(Brief descriptive captions)
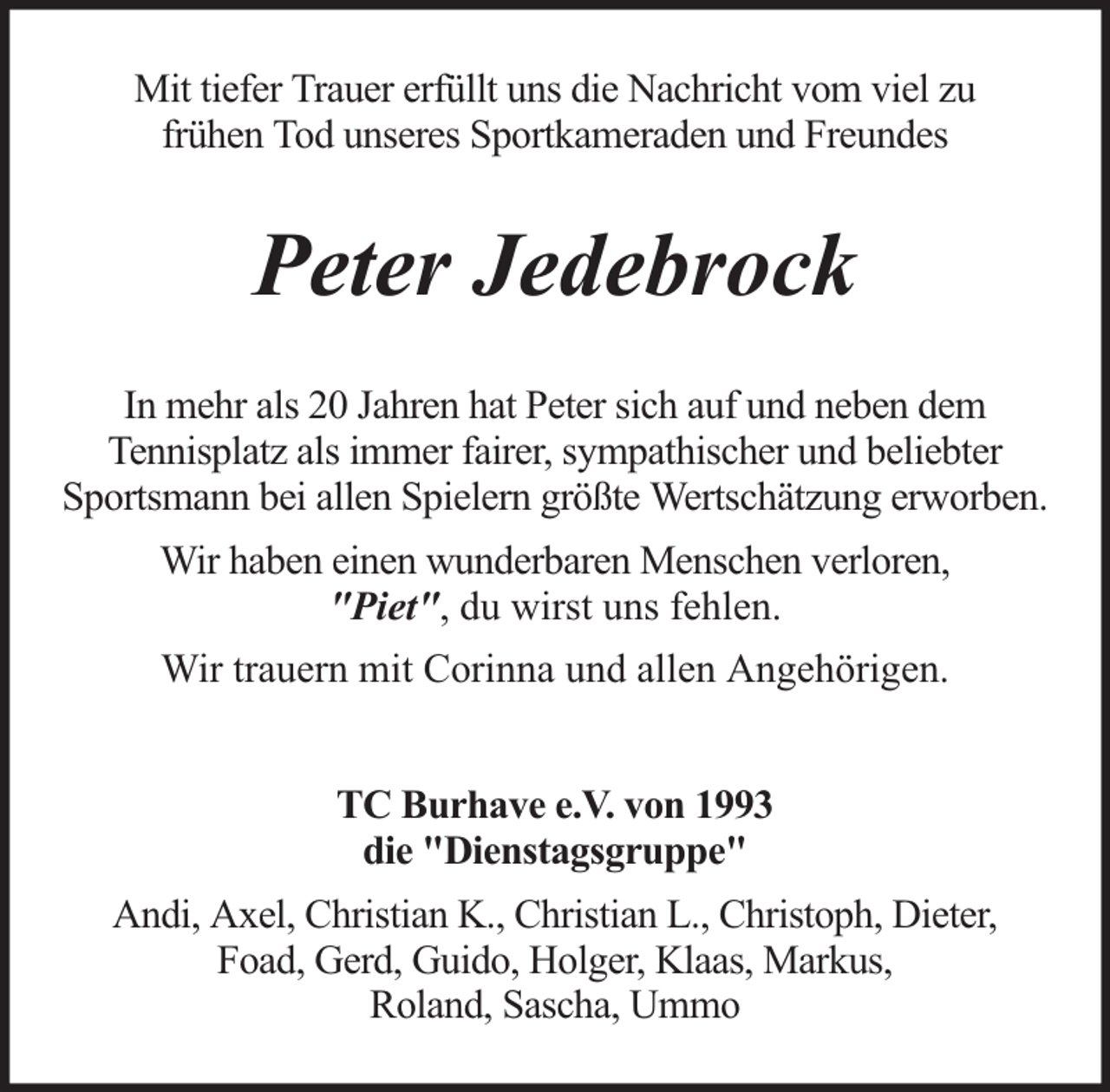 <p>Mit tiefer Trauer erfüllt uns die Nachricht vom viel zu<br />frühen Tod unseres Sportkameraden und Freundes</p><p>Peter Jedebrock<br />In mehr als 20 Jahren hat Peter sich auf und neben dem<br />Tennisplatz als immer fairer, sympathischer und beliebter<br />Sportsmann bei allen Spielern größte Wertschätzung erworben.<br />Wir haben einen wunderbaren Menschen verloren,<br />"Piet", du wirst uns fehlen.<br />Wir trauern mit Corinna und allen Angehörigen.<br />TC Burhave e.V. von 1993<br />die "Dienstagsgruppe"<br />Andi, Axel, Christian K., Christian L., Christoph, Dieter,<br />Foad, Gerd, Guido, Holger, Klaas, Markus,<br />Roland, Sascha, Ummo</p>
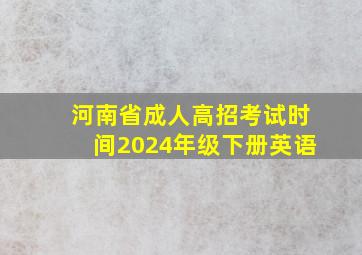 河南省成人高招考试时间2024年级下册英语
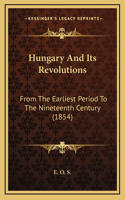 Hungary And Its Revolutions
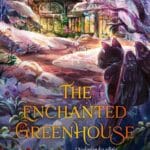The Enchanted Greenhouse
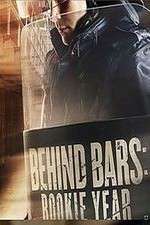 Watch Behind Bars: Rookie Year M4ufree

---

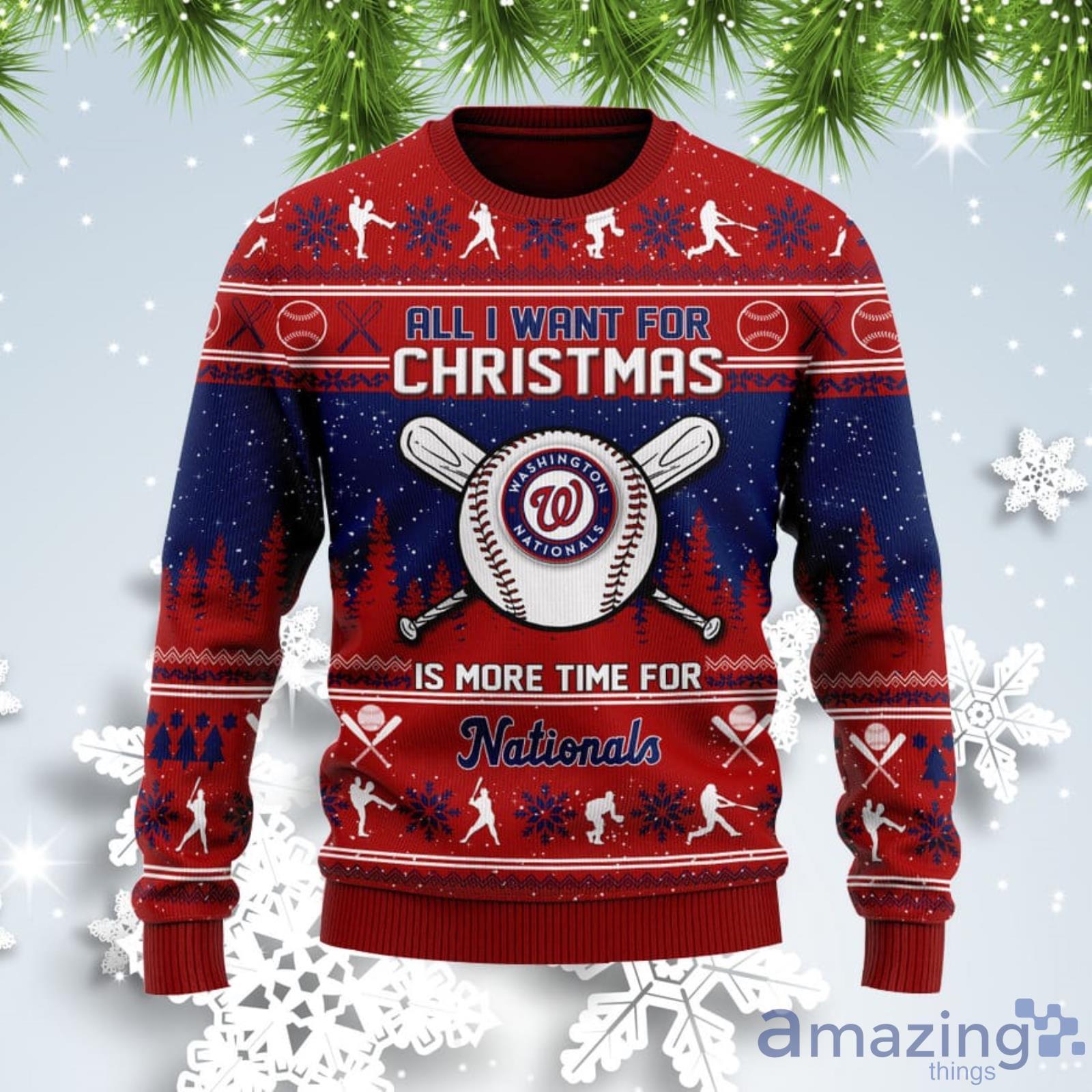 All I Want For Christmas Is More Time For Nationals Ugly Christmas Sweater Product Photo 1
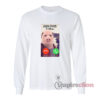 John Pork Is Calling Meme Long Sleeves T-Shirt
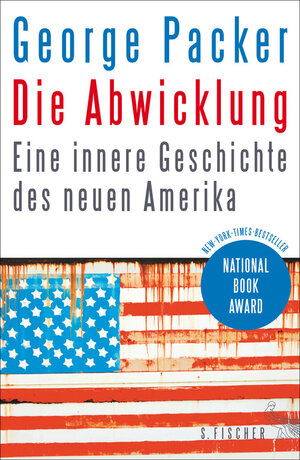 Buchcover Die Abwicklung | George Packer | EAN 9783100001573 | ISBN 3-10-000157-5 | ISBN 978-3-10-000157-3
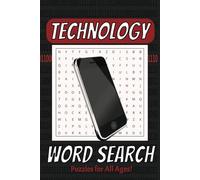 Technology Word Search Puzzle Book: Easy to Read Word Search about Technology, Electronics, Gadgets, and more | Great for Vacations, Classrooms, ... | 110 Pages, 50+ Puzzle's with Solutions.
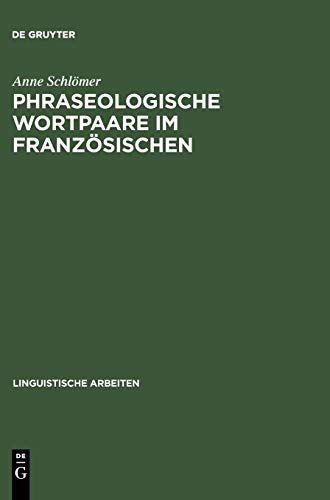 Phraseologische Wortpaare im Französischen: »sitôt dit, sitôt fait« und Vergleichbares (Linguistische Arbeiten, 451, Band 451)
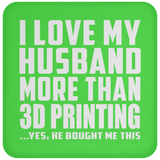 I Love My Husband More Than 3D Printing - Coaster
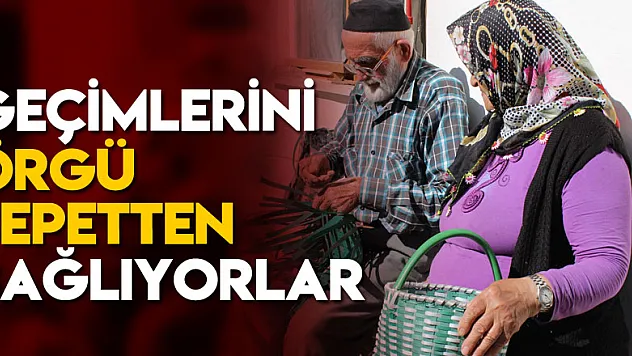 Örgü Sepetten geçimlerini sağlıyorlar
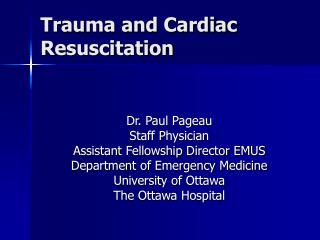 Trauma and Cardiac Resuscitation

▶ ABOUT THIS EXERCISE: Repeat only the stretch of data above that runs from the line with "All I Want For" to the line with "Trauma and Cardiac Resuscitation". Keep both end lines; exclude pictures.

▶ ANSWER TO THIS EXERCISE:
 All I Want For Christmas Is More Time For Nationals Ugly Christmas Sweater Product Photo 1
 John Pork Is Calling Meme Long Sleeves T-Shirt
 Buchcover Die Abwicklung | George Packer | EAN 9783100001573 | ISBN 3-10-000157-5 | ISBN 978-3-10-000157-3
 Technology Word Search Puzzle Book: Easy to Read Word Search about Technology, Electronics, Gadgets, and more | Great for Vacations, Classrooms, ... | 110 Pages, 50+ Puzzle's with Solutions.
 Phraseologische Wortpaare im Französischen: »sitôt dit, sitôt fait« und Vergleichbares (Linguistische Arbeiten, 451, Band 451)
 I Love My Husband More Than 3D Printing - Coaster
 Örgü Sepetten geçimlerini sağlıyorlar
 Trauma and Cardiac Resuscitation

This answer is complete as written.